The fight is on to save Higher Education.
UCU’s Higher Education Committee (HEC) met on Thursday 12 December to consider what the union should do in the light of the financial crisis hitting our sector.
Tens of thousands of members face losing their jobs. Last year the union had no UK-wide campaign. Branches were left to fight alone. With the financial situation getting worse, and a limited window of opportunity to influence the Labour Government, we cannot afford to wait.
HEC voted for
- a carefully structured ballot campaign over pay, to begin as soon as possible,
- linked to a political campaign in defence of the sector,
- on a timeline that would permit the union to call action before the end of the spring term.
Alongside the ballot and GTVO activity would be a campaign to raise the union’s emergency demands to save jobs, courses and our sector. It should include a conference to discuss the union’s demands. UCU has already agreed to focus on practical interventions that a Labour Government could make – to reinstate the block grant, for the government to cover or cancel the TPS contribution increase, and to reverse the hostile environment visa changes currently putting off overseas students from applying to university in the UK. We need to popularise these calls and debate them with politicians and ministers.
HEC also repeated the call made by Congress and the NEC for a major national demo to defend post-16 education.
We need to be imaginative and ambitious. In 2016-17, lobbying organised by The Convention for Higher Education, a loose coalition of UCU activists, academics and bodies including the Council for the Defence of British Universities, managed to force concessions from the Conservative Government in their Higher Education and Research Act.
The plan is for a joined-up strategy fighting for pay and jobs that can mobilise members to speak up about the crisis in Higher Education and put pressure on Labour to intervene. Our members are the best advocates for the sector. If this campaign develops successfully, we can also impact on Labour’s forthcoming HE funding review.
Branches facing redundancies and cuts were in the forefront of HEC’s minds.
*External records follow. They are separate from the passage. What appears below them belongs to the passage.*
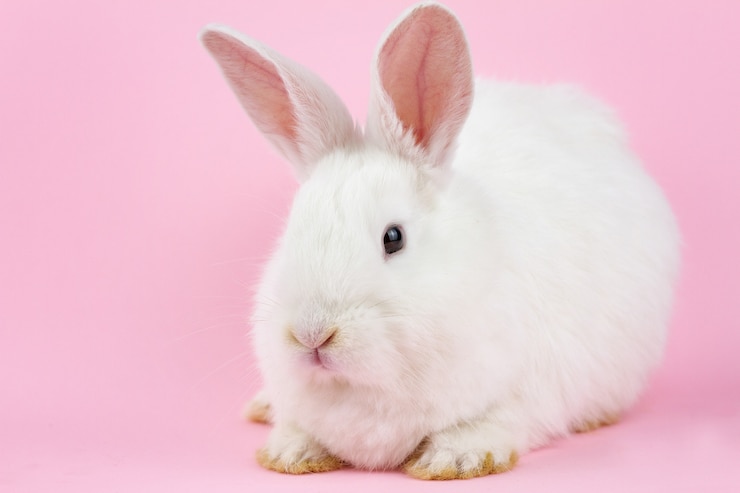Photo パステルピンクの壁に小さな白いウサギ。生うさぎがカメラをクローズアップで見る
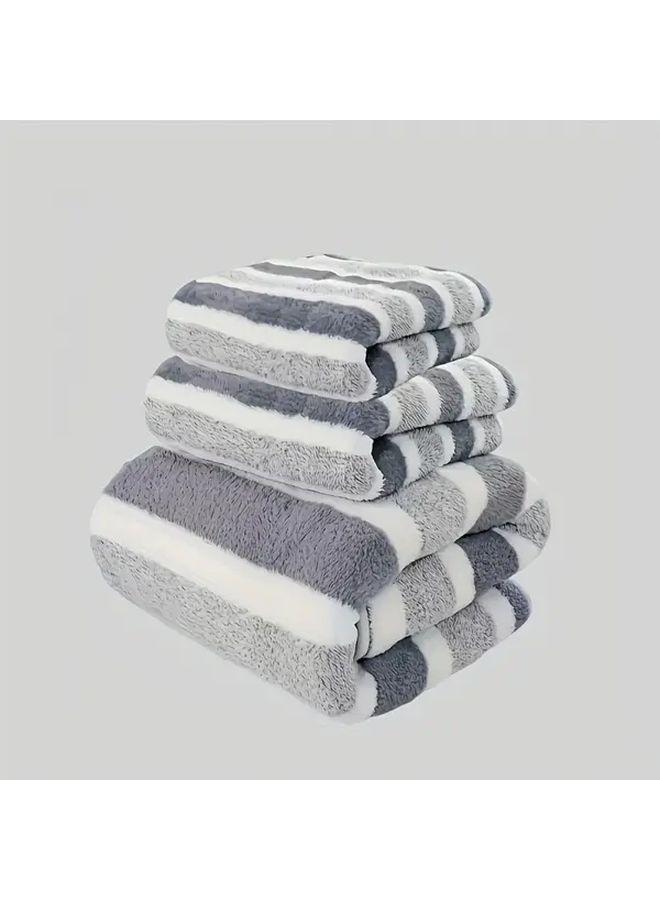 Gray Stripes Microfiber Towels Set Quick Dry Absorbent Lightweight for Beach Pool Travel Hotel Home - Image 5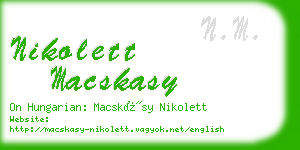 nikolett macskasy business card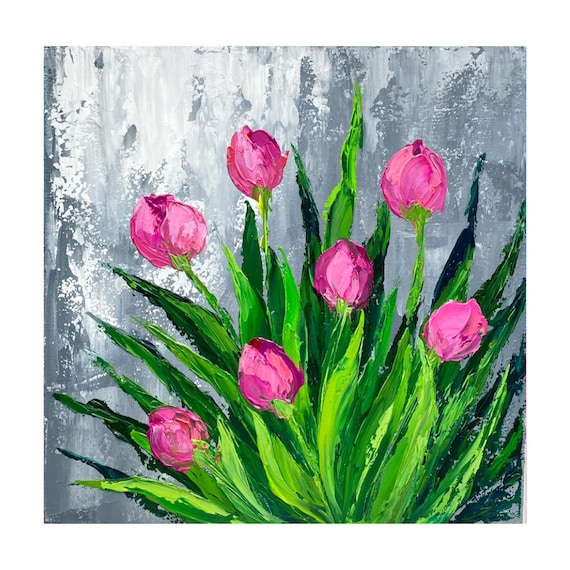 チューリップの絵画 オリジナルフローラルアート チューリップ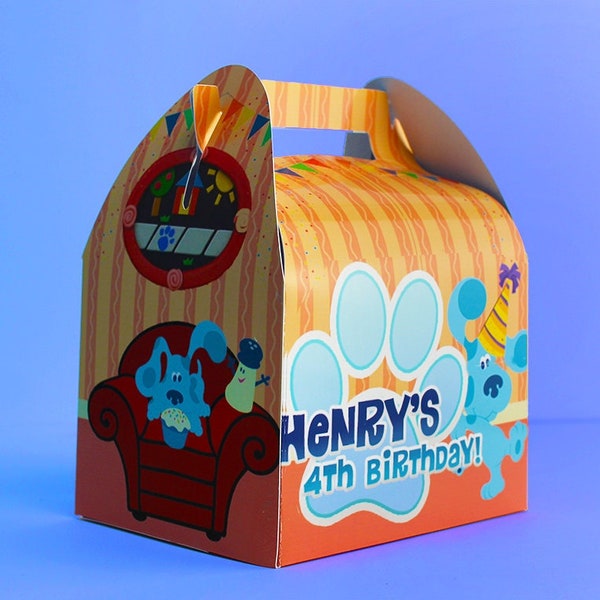 Blues Clue's Blue Inspired Personalised Children’s Party Box Gift Bag Favor, Birthday goodie bag, Boys Celebration Bag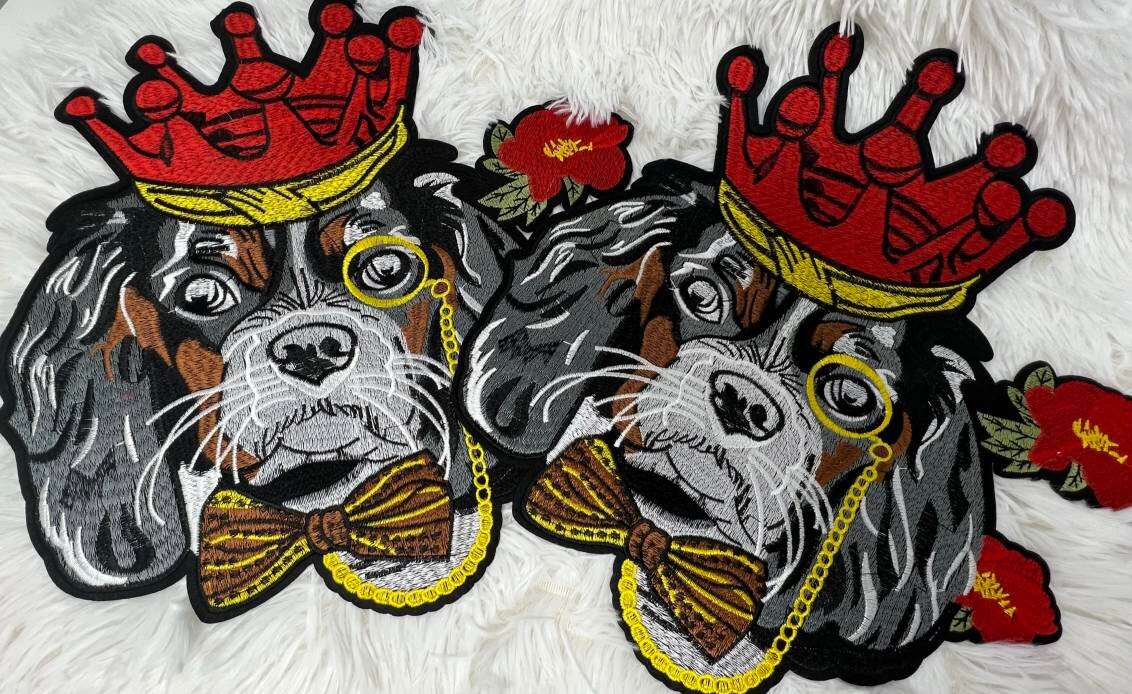 Exclusive, "Royal Crown Doggie" Large Embroidered Patch, Iron-on Applique, Patch for Men and Dog Lovers, 12" Back Patch for Jackets, Hoodies
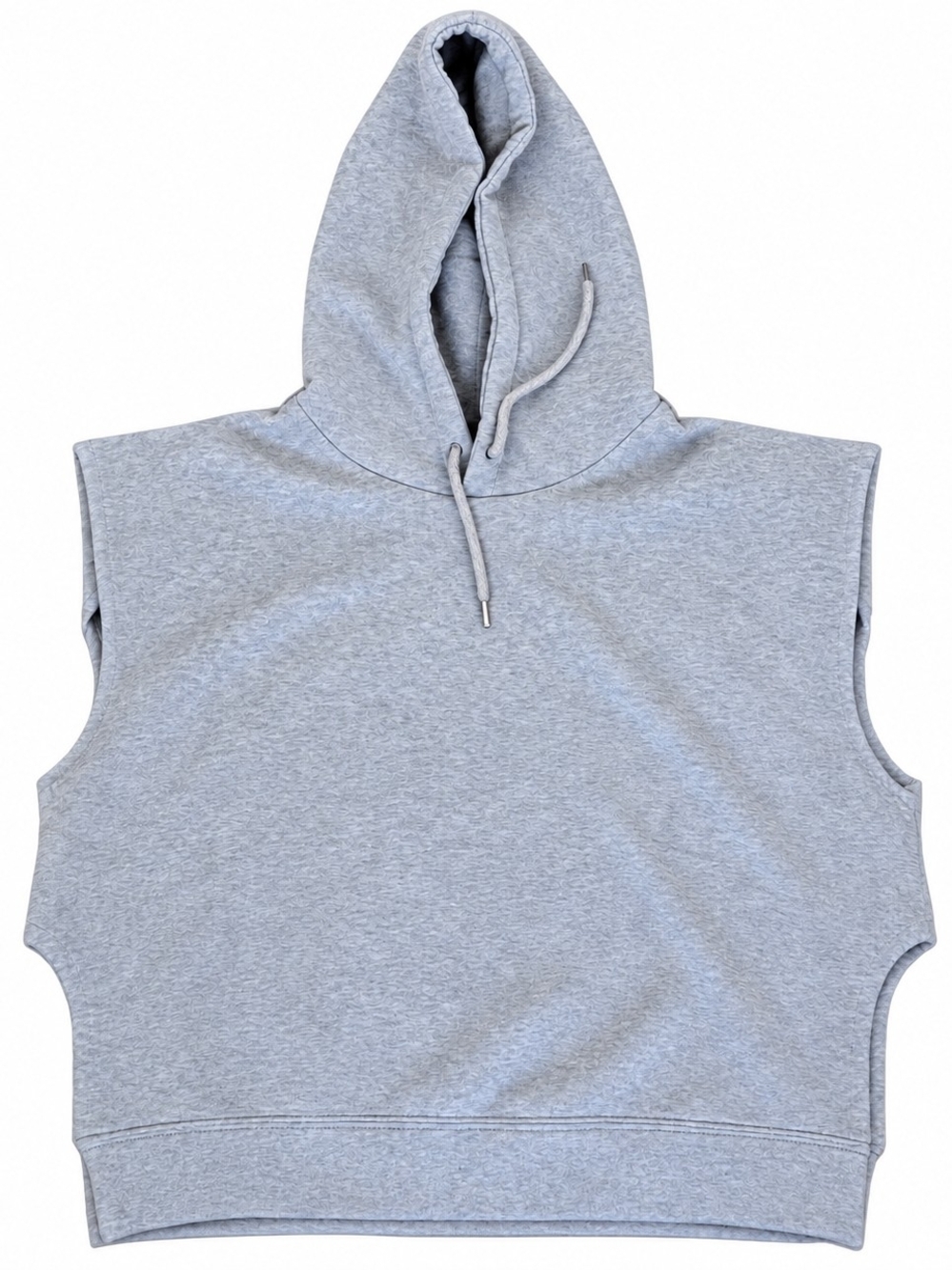 Women’s Gray Sleeveless  Irregular Side Opening Pullover Hooded Vest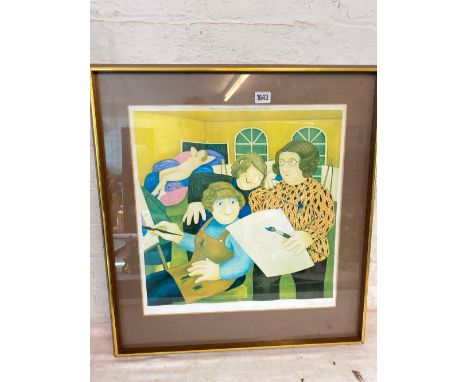 A limited addition print Beryl Cook The Art Class with label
This strategy does two things: it brings our whole union together, and it puts pressure on Government to pay up for HE. If branches are fighting job losses they want to know that the whole union is behind them, and we all need to mobilise to insist Labour addresses the funding crisis of the sector.
HEC also voted to escalate procedures for branches facing redundancies to ballot for industrial action over jobs (see resolution 2 below).
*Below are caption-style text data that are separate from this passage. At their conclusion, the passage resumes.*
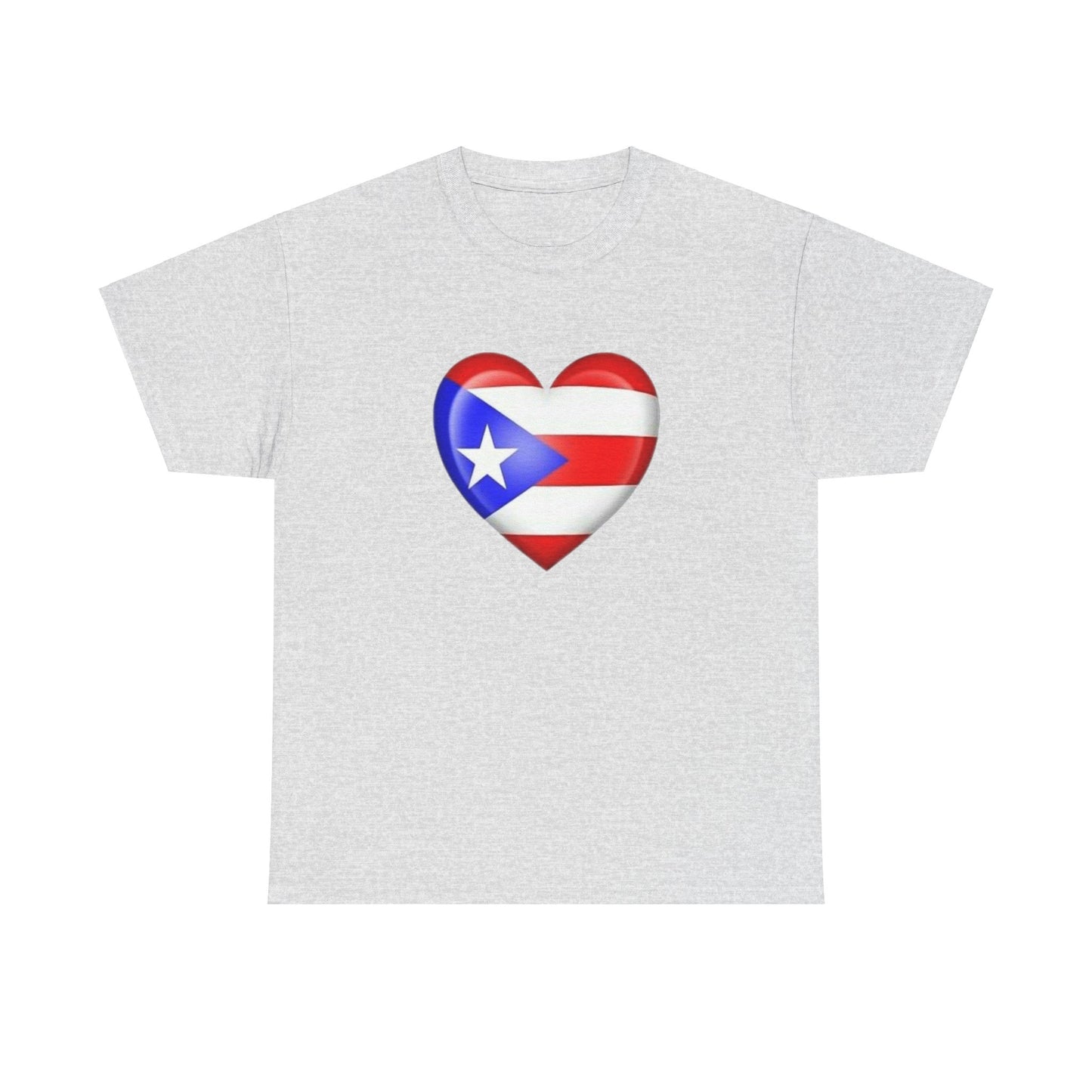 Heart PR Flag, Unisex Heavy Cotton Tee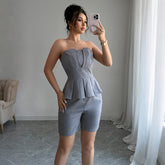 Gaovot 2 Pcs Set Grey Strapless Peplum Top & High Waist Shorts Set for Casual Outings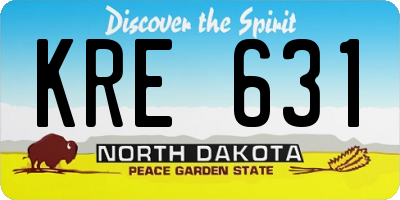 ND license plate KRE631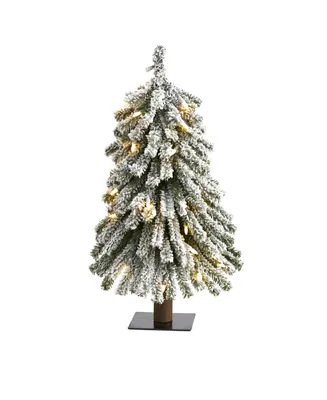 Nearly Natural Flocked Grand Alpine Artificial Christmas Tree with 35 Clear Lights and 111 Bendable Branches On Natural Trunk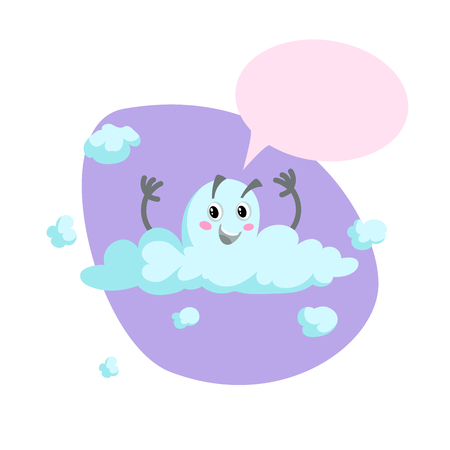 Cartoon smiling blue cloud mascot. Weather and summer symbol. Speaking character with dummy speech bubble and little clouds. Vector illustration icon.のイラスト素材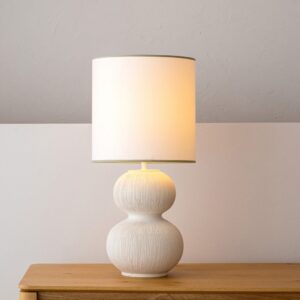 SP25712B Lámpara de sobremesa diseño moderno SERA 70 cerámica blanco y pantalla con ribete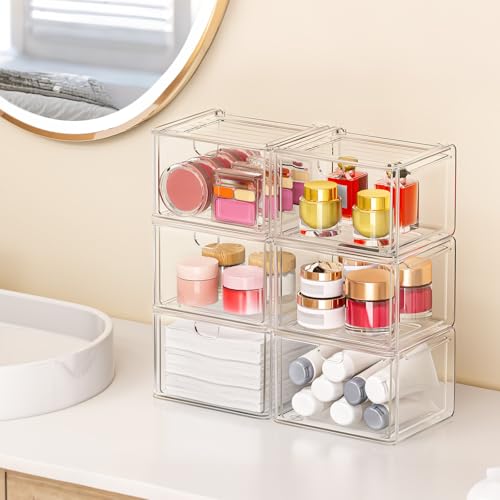 Stackable Stroage Drawers, Acrylic Makeup Organizer, Plastic Storage Bins For Vanity, Undersink, Kitchen Cabinets, Pantry, Home Organization ? Clear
The HEC meeting ended in messages of solidarity to branches facing job losses, and to UNITE UCU.
No-one should fight alone.
Resolutions from HEC meeting 12 December 2024 (including amendments)
1. Building industrial action ballot alongside a political campaign to defend HE
HEC notes the consultative ballot rejecting the pay offer and in favour of IA.
HEC resolves to
- Immediately organise an IA ballot for a ‘fully-funded pay rise’ of 5.5% (2023-24 claim) linked to a political campaign for a fully-funded sector calling for emergency measures to save jobs, courses and the sector.
- Run the IA ballot, HEC meetings etc., on a timeline permitting members to take UK-wide term-time strike action before the Easter break in most universities.
- Recommend that the National Demonstration to Defend Post 16 education as decided at UCU Congress is called for a Saturday in February 2025 in order to support the ballot
- Send out detailed briefing notes and organise regional GTVO workshops.
- Call a conference to defend HE in early February promoting and debating UCU’s proposals. Organise regional lobbies and mass lobby of Parliament with the post-16 demonstration.
- Consult members during the ballot on types of action through regional/devolved nations meetings and a branch delegate meeting during the ballot. Hold HEC in final week of ballot to plan action in anticipation of the result.
2. Responding to the Employers’ Offensive in the context of HE Crisis and Pay Dispute
This HEC notes
- The HE employers’ offensive and the broken university funding model.
- Long IA balloting-and-notification periods (TUA2016) and short windows for CR consultation (30 or 45 days, TULRCA1992) making timely ballot authorisation vital.
- That branches should not have to fight on their own but that several branch that have taken or threatened industrial action have made gains or mitigated losses.
This HEC resolves to
- Update branch officers weekly with a list of redundancy programmes by HEIs including VRs and CRs, and have a dedicated campaigning webpage.
- Weekly anti-cuts meeting open to all branches.
- Training on opposing redundancies via industrial action.
- Hold a national demonstrations in early February in Wales, Scotland, England and NI and protests at MP’s surgeries in constituencies with threatened universities.
- Shorten current ballot authorisation timelines, without requirement for consultative ballots.
- Make every branch taking industrial action against redundancies a local dispute of national significance.
- The large-scale redundancy programs and restructurings occurring in HE include a significant but varying silent redundancy of casualised workers across the sector. HEC resolves that the numbers of casualised work losses and ‘redundancies’ be added to the present count of redundancies to enable us to comprehensively assess the true scale of job losses across the sector and to inform our IA campaign with members.